Idiot.

My eyes were recently opened wider than they had ever been. After being home schooled and living in my own world for three years, public school was a huge change. Since going back to school, I've realized that I have absolutely no chance at a successful future. You can't pass your classes, you don't graduate. If you don't graduate, you don't get a job. If you can't get a job, you're screwed.
 
I was responsible for passing ONE class. Even though this class was the easiest one my school offered I failed miserably. Anxiety attacks prevented me from going for days at a time. Anxiety and low self-esteem prevented me from doing anything while I was in the class. And my own stupidity prevented me from telling this to anyone. But even if I would have told someone, I'm sure nothing would have been done. That's the way it goes around here.
 
I was placed in a program that offers a proficiency diploma. Since I'm a junior with only one credit, it was the only possible way I could graduate. My mom and sister were ecstatic that I finally had a chance at graduating, and because of that I too was ecstatic. In the beginning I had a lot of confidence. But, along with everything else, the monsters ate at me until it disappeared. I started out at the top of my class. I was ahead of most the kids and my teacher often used me as an example of someone "That was taking this program for all it was worth and getting ahead in life". My mom bragged to her friends, my sister did the same. It was wonderful. It boosted my self-esteem and I was doing really well for once in my life. But, in the end, I always end up disappointing someone. This time I messed things up for everyone. 

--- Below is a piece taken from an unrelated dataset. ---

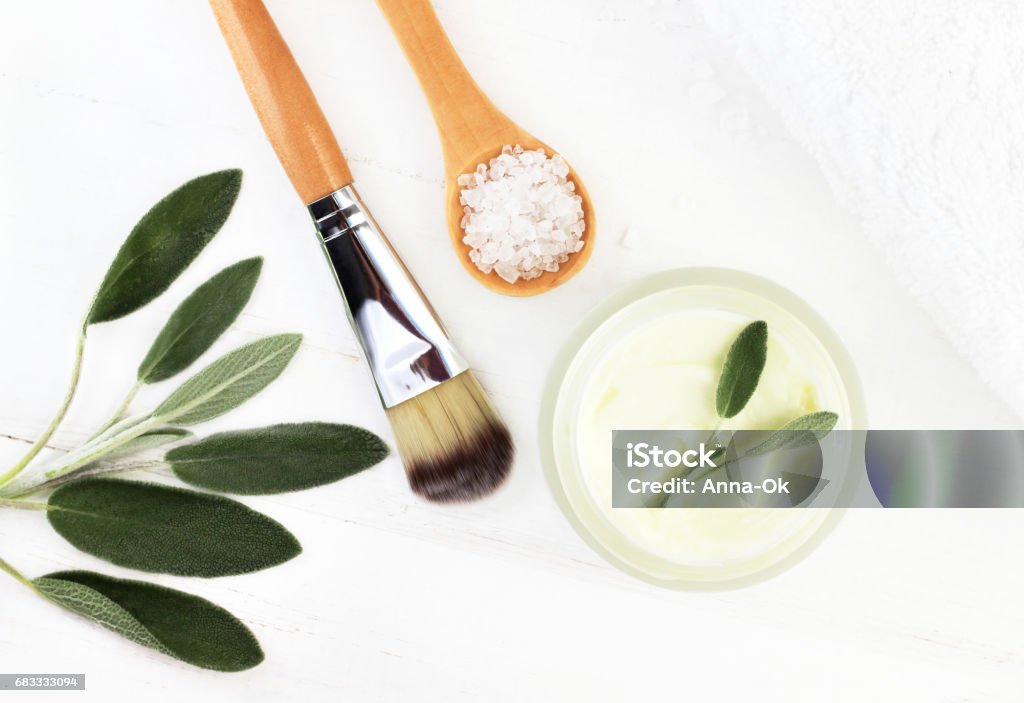 Herbal botanical facial mask with salvia. Ingredients for home spa top view Jar of cream, green plant leaves, sea salt, white wooden table background. Skin Care Stock Photo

Because of this, there is no way I am staying in school. In the state of Colorado, you must be seventeen years of age before you can legally drop out of high school. When I turn seventeen in February, that's the plan. Since I won't graduate if I stay, there is no point. I might as well drop out and start slaving away for minimum wage.
 
I have never hated myself as much as I do now. I continually make these huge, horrible mistakes every time I turn around and I can't seem to stop.